Why not just use a large context window instead of a memory hierarchy?

Context windows have a fixed capacity and a retrieval accuracy curve that degrades in the middle of long contexts. The BEAM benchmark shows this clearly. A 1 million token context window does not give you 1 million tokens of useful memory. It gives you about 200K tokens of usable context at high accuracy, with the rest being noise. Explicit memory systems that manage what gets stored and how it gets retrieved outperform brute-force context at scale.

How do you handle memory conflicts?

Memory conflicts happen when new information contradicts old information. The approach I use is last-write-wins for factual claims, with explicit conflict flags for high-stakes contradictions.

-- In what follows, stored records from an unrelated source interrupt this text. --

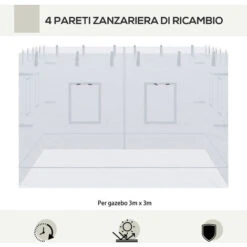 Outsunny Parete Per Gazebo 3x3 In Nylon, Set 3 Pezzi Zanzariera Con 6 Finestre E Porta Con Cerniera, 300Lx195 Cm -Vendite VIDAXL 96085117 4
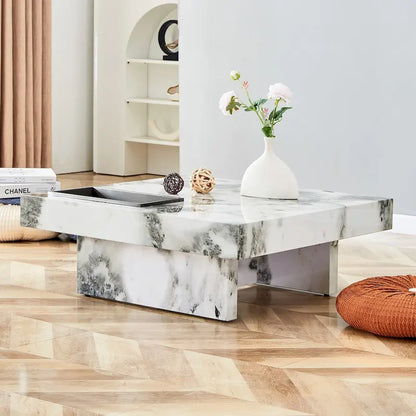 Table basse, motif marbre imitation, en MDF, fusion d'élégance et de style naturel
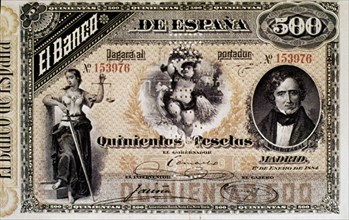 BILLETE DE 500 PESETAS 1884
MADRID, BANCO DE ESPAÑA-DOCUMENTOS
MADRID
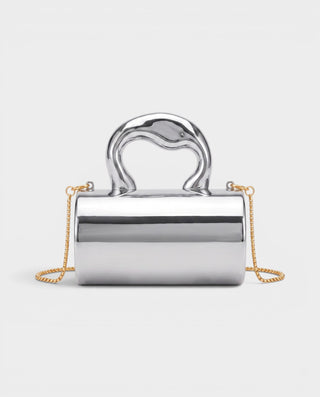 CYRELLE Metallic Cylindrical Clutch Bag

If a user says their name is Alice today and Bob yesterday, the system records both with timestamps and surfaces the recency to the agent for resolution.

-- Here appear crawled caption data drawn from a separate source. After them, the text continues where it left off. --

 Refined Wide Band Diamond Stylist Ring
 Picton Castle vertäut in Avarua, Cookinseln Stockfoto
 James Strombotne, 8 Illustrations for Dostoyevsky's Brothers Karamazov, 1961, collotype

What about privacy and memory?

Memory systems that persist user data across sessions introduce privacy considerations that flat context does not. The key is segmentation. User-specific memory should be stored with user isolation at the storage layer, not just at the application layer. I use project-scoped episodic stores where each project has its own database file. A project for work conversations never shares memory with a project for personal conversations.

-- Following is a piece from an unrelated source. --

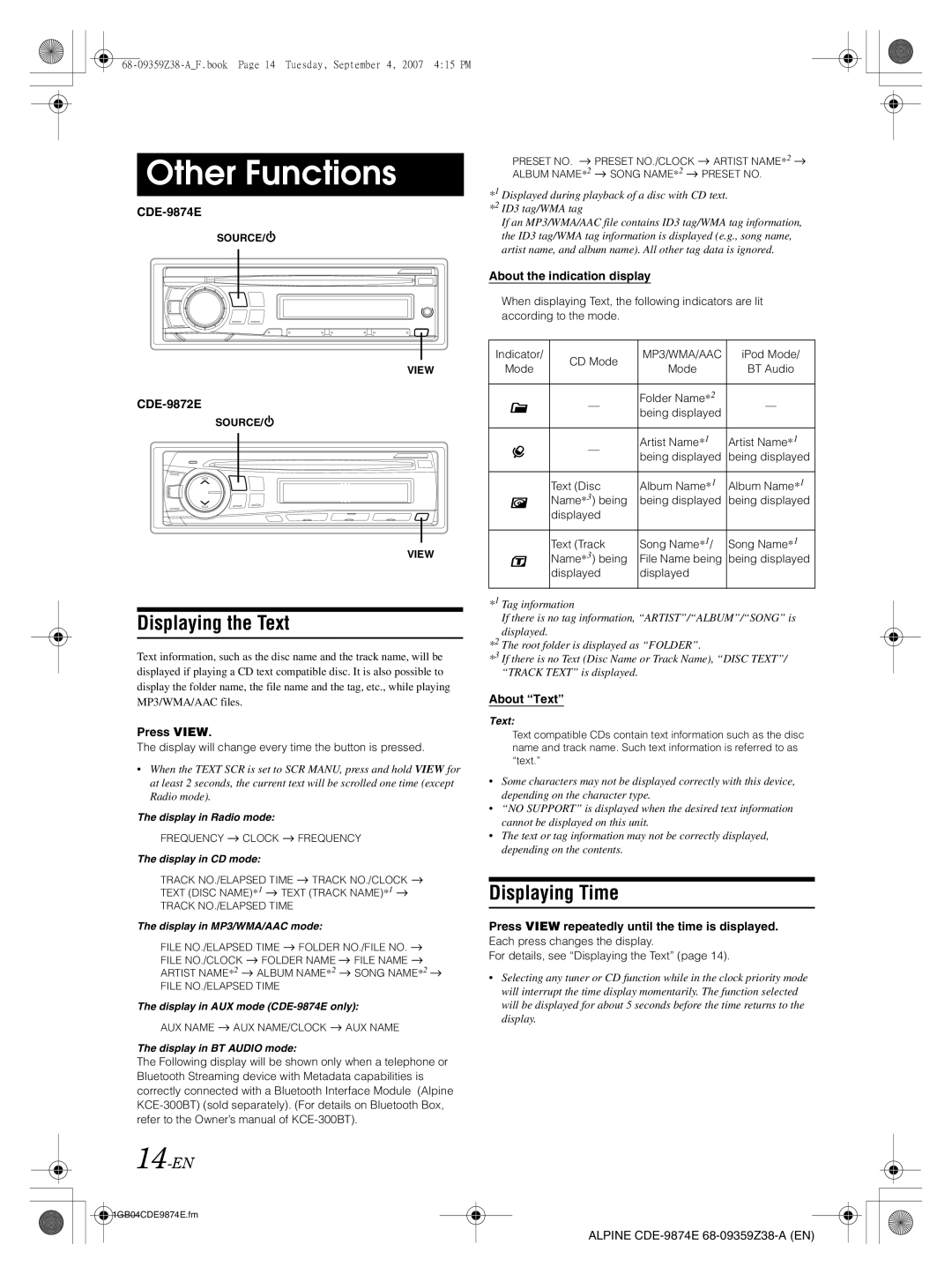 Alpine CDE-9872E, CDE-9874E owner manual Other Functions, Displaying the Text, Displaying Time, 14-EN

How does this differ from RAG?

RAG is a retrieval mechanism for external knowledge. Memory hierarchy is an architecture for maintaining agent state across sessions. RAG answers the question "what does the model know?" Memory hierarchy answers "what does the agent remember?" They are complementary. RAG feeds external knowledge into the working context layer. Memory hierarchy manages everything the agent has experienced.

What is the biggest failure mode in layered memory systems?

Staleness is the biggest failure mode. Memory systems that do not prune aggressively accumulate outdated information faster than they retrieve useful information. The fix is aggressive compression at the short-term to long-term boundary and explicit staleness thresholds that trigger deletion, not just compression.